2. It is common ground that the Court should make an immediate assessment and that the standard basis is appropriate for most of the assessment, whilst no issues arise on hourly rates or as to the applicable general principles in awarding costs. Essentially costs generally must follow the event and the Court has already decided that in relation to the Appeal itself, but issues arise in relation both to the CMC where the Preliminary Issues were ordered and to the grant of permission to appeal which was made by the Judicial Officer whose decision was the subject of the appeal, as well as to the costs of the Lebanese Law evidence which the Claimant sought to adduce on appeal and to the quantum of costs to be awarded by the Court under each of the relevant heads.
3. Taking the Appeal itself first, there are two issues here.
3.1 First the question arises as to the basis of costs in relation to the Lebanese Law evidence. As expressed in the Judgment, there was no good reason for any such evidence not being adduced below if it was to be adduced at all. The Ladd v Marshall test could not be met, and in practice, the evidence was of no significance as it did not address the points that mattered. It was always obvious that any preliminary issues would have to proceed on the basis of whatever facts were agreed but otherwise on the basis of the pleas advanced by the Claimants, it being the Defendants’ case that the former could not succeed on the basis pleaded, with such indisputable facts as could be agreed. I take the view that the conduct which led to the advancing of this Lebanese law evidence at the appeal stage only, and in the form which it took, was sufficiently out of the norm to attract indemnity costs. The stance taken was unreasonable to a high degree in failing to adduce foreign law evidence below, if it was considered to be important, in seeking to adduce it at the appeal stage on the basis that it was required, when there was no good reason for not adducing it below, and in seeking to adduce evidence which could not have affected the outcome at either level.
3.2 The second issue is the quantum of costs, both on the indemnity basis in relation to the Lebanese law evidence and on the standard basis in relation to the balance.

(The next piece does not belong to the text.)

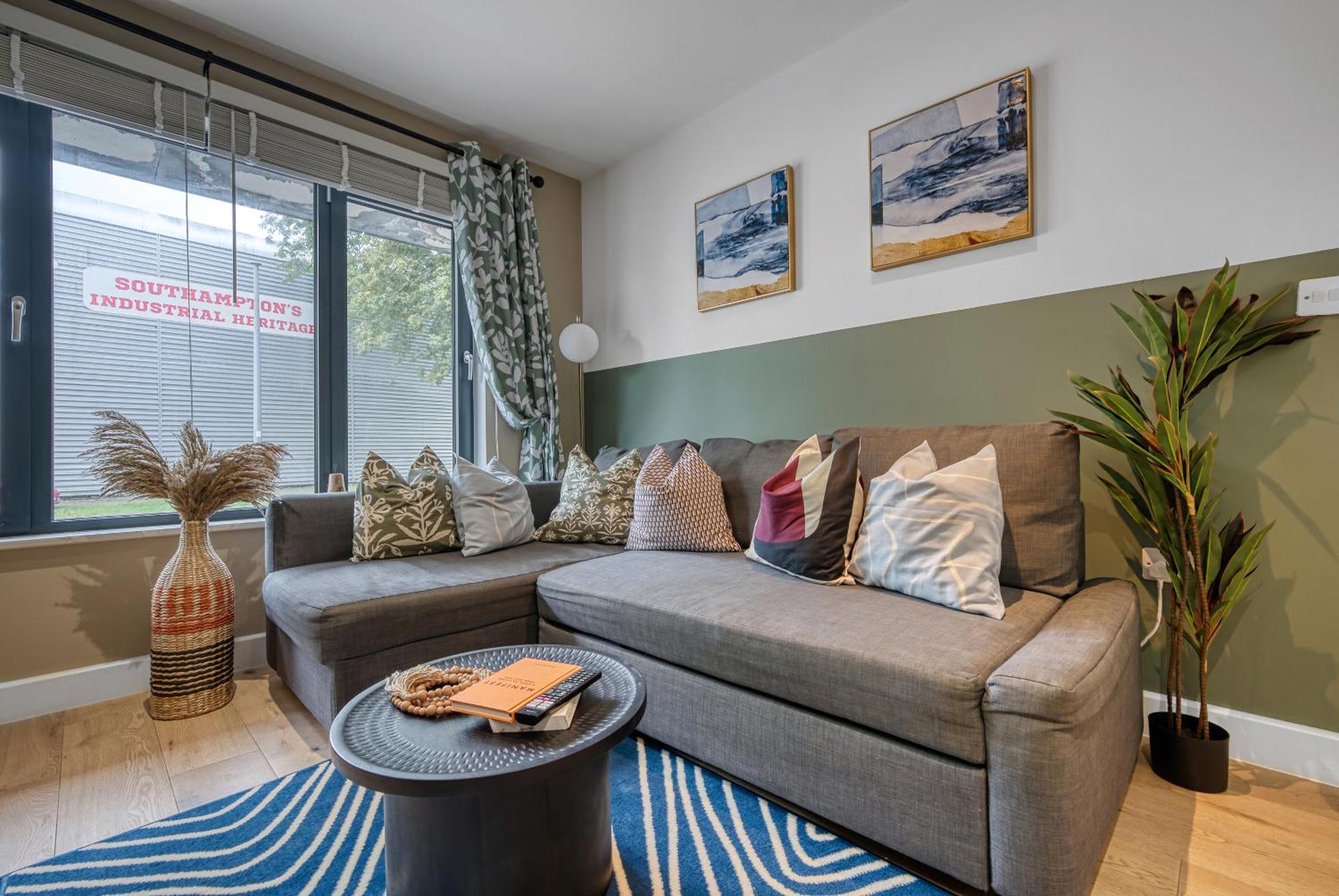 1 Bedroom Ocean Village Luxurious, Stylish & Cosy Apartment, Central Location In Southampton, Sleeps 4 - Summer Special Offer! - By Blue Puffin Stays Экстерьер фото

I deal with quantum later in this Ruling.
4. As to the costs of the application for permission to appeal, in my judgment the right course is to make no order as to costs. It was extremely unfortunate that no reasons were given by the Judicial Officer which meant that, in a case of this kind, however much one might infer what her reasons were, it was almost inevitable that an appeal would follow. If she had not given permission herself, any reviewing judge would have done so. This is, regrettably, one of the vicissitudes of litigation, where an approach adopted by the Court leads to additional expense on both sides. However, it ought to have been plain to the Defendants that permission would be granted because of the absence of reasons and the impossibility of an appeal Tribunal being able to exercise an ordinary review function of the decision taken, because it was not reasoned. Whilst, as I have previously indicated, there are Case Management decisions which speak for themselves and need no detailed, nor in some cases, any, reasons, this decision plainly did not fall into that category. I consider that the Defendants, in those circumstances, are not entitled to an order for their costs of resisting the application for permission and the Defendants rightly do not claim their costs, because they lost on the appeal. They will be costs in the case.

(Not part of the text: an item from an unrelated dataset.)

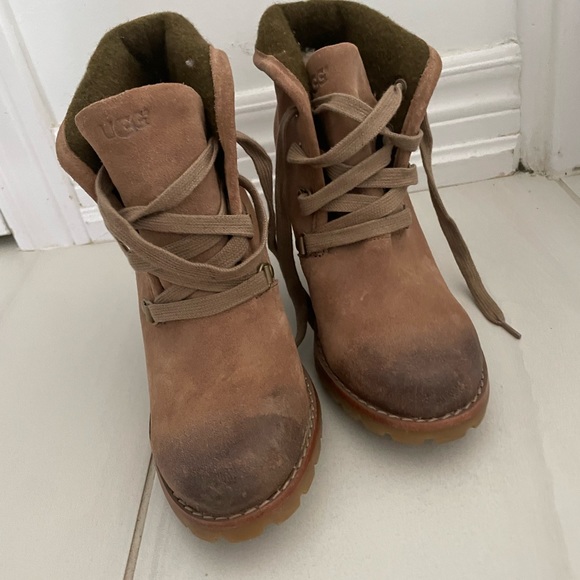 COPY - UGG Winter Heels (lined with Sherpa) - Picture 5 of 6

5. Turning to the costs of the CMC and the order for Preliminary Issues, it is common ground that the Claimants are not entitled to the costs of the CMC which would have been incurred regardless of the dispute as to whether there should be Preliminary Issues. In their Reply Submissions, the Claimants maintained for the first time that the costs claimed, which amounted to just under $70,000 and included Counsels’ fees of $49,738.85, were all incurred on the Preliminary Issues Application and not in work for the CMC generally (such as the Case Memorandum and List of Issues). That statement runs counter to the Defendants’ submissions on costs dated 7 May 2020 which referred to the cost of the CMC at which the Preliminary Issues Application was heard and argued that the hearing was mostly devoted to the latter, by reference to 47 of 71 pages of transcript of the hearing. It was also said that Leading Counsel would not have needed to attend if there had been no argument about Preliminary Issues.
6. It is however a general principle that leading advocates are expected to be present at a CMC and I am unpersuaded that the costs claimed do not cover matters which would have arisen in any event at the CMC, which would have been the subject of an order for costs in the case. Doing the best that I can on this, with the limited information put before me, I conclude that only approximately two thirds of the costs claimed are truly costs of arguing the point on Preliminary Issues and that, allowing for the discount that happens on any assessment of recoverable costs (often resulting in no more than 70% of the sums claimed), the appropriate figure that the Defendants should recover under this head of costs is $35,000, which includes Counsels’ fees attributable to this element. The balance will be costs in the case.
7. Next, I have to determine the appropriate figure for recovery of costs on the Appeal itself.
7.1 The costs claimed on the indemnity basis amount to $80,613 .94, of which $42,450 is represented by the fees of the lawyer instructed. It is clear to me that much of the work done, both by the Lebanese lawyer, solicitors and Counsel in relation to Lebanese Law, serves a dual purpose, because the work done at this stage will play its part in relation to the Preliminary Issues themselves. Once again it is hard to make any clear determination of the percentage of work which falls into this category, but I consider that somewhere between one third and one half is the appropriate level which will inure to the benefit of the Claimant for the determination of the Preliminary Issues and will therefore be costs in the case. The figure which I now award as Indemnity costs is $50,000.
7.2 The claim on the standard basis is for $182,433 .70, where Counsels’ fees constitute just under $53,000. The Claimants contend that $145, 540 represents costs reasonably incurred. Taking a broad- brush approach but allowing Counsels’ fees in full, that figure represents nearly 70% of the profit costs. The criticisms made by the Claimants in relation to attendance on others, to work carried out in relation to the statement of costs and work done on documents are partially justified, but I consider that taking everything into account I would not be ungenerous in awarding $150,000.
8. There remains a further figure of $29,259 claimed for the costs of the submissions on costs. I regard this as excessive. 23 pages of Submissions with annexed Schedules and 6 pages in reply is over- egging the pudding. I am not prepared to award more than $10,000 as a proportionate figure for this work.
9. As to interest, which is claimed, there has been limited time between the incurring of the costs and this order. I do not consider that the award of interest for any earlier period is appropriate in the absence of any evidence of the dates when payment of these costs was made and I therefore order that interest shall run on such costs only from the date of the issue of this order at the judgment rate of 9%.
10. The total of the sums I award by way of costs is therefore $245,000 with interest at 9% to run from the date of the issue of this order.